### Input for this task
Content starts

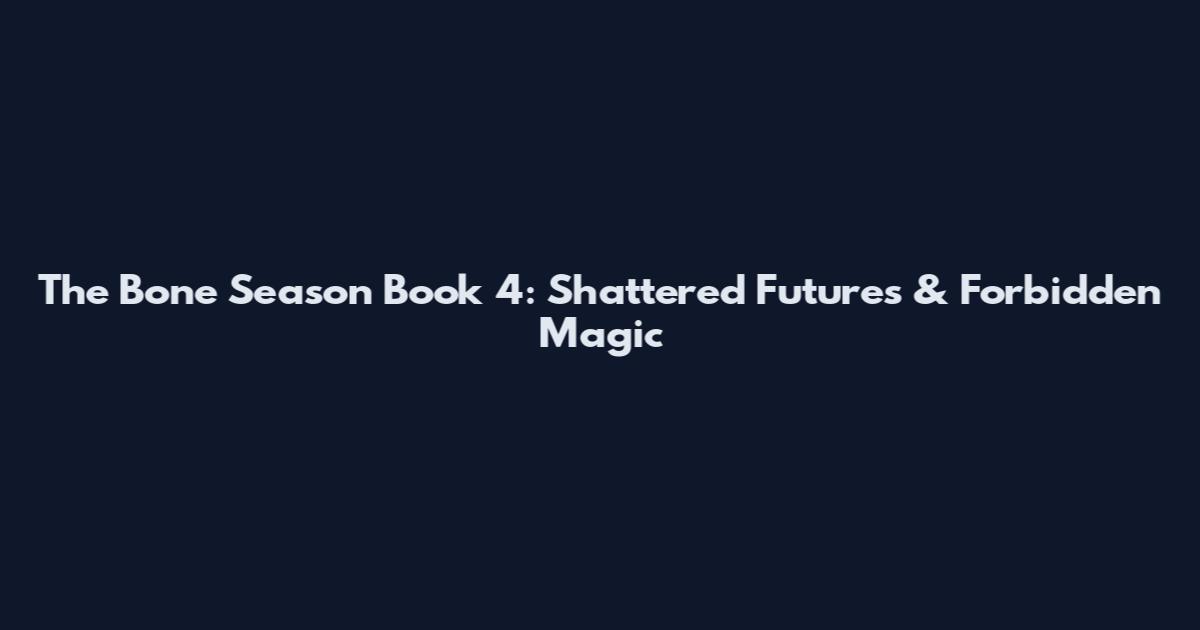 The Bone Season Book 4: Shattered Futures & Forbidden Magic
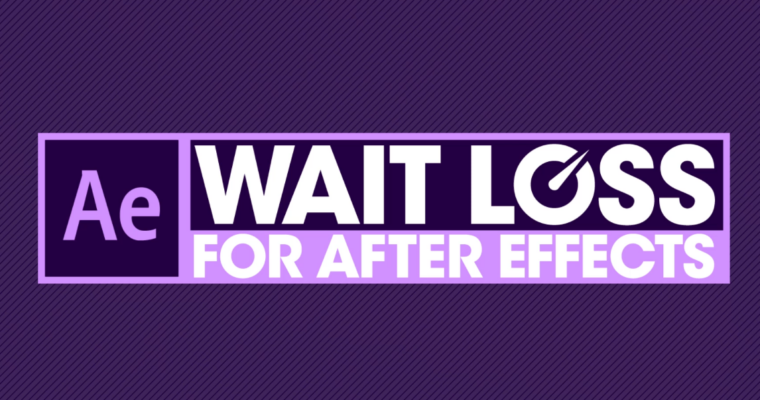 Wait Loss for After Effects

Content ends
Content starts

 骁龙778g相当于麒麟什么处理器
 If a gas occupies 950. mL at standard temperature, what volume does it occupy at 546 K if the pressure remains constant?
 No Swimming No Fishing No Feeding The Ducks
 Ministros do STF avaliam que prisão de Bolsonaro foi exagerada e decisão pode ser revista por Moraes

Content ends
Content starts

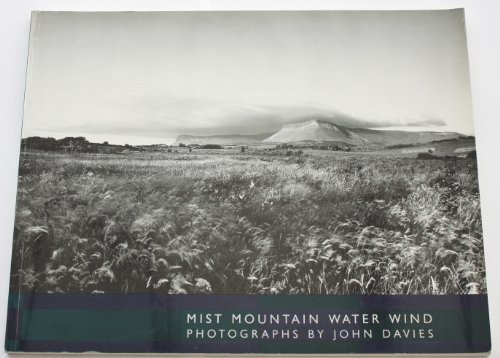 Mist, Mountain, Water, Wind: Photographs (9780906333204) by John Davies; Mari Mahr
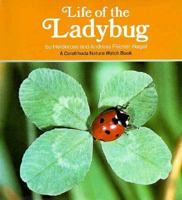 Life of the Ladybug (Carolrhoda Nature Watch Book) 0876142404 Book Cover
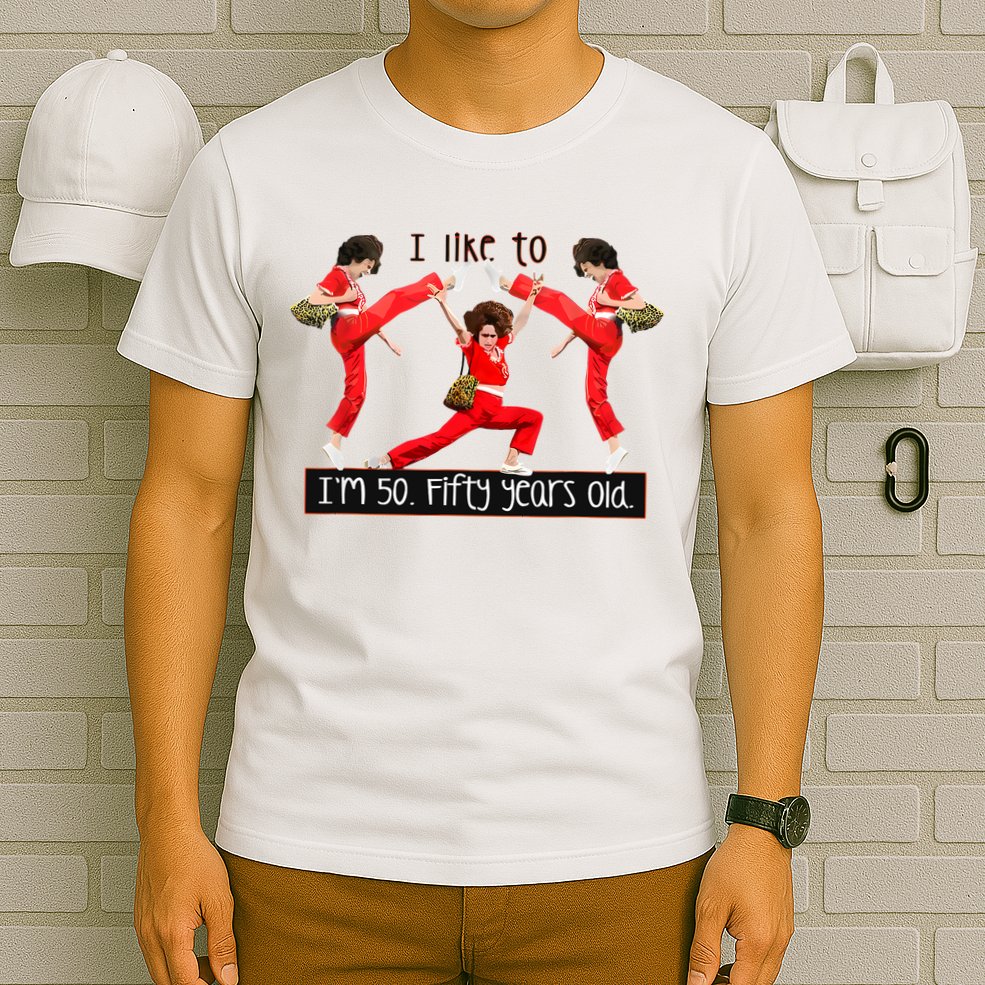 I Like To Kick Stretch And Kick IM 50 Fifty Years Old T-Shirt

Content ends

### Exercise description
Would you retype the lines above from the one with "If a gas occupies" down to the one with "Ministros do STF", word for word, both ends included and no other lines?

### Result
 If a gas occupies 950. mL at standard temperature, what volume does it occupy at 546 K if the pressure remains constant?
 No Swimming No Fishing No Feeding The Ducks
 Ministros do STF avaliam que prisão de Bolsonaro foi exagerada e decisão pode ser revista por Moraes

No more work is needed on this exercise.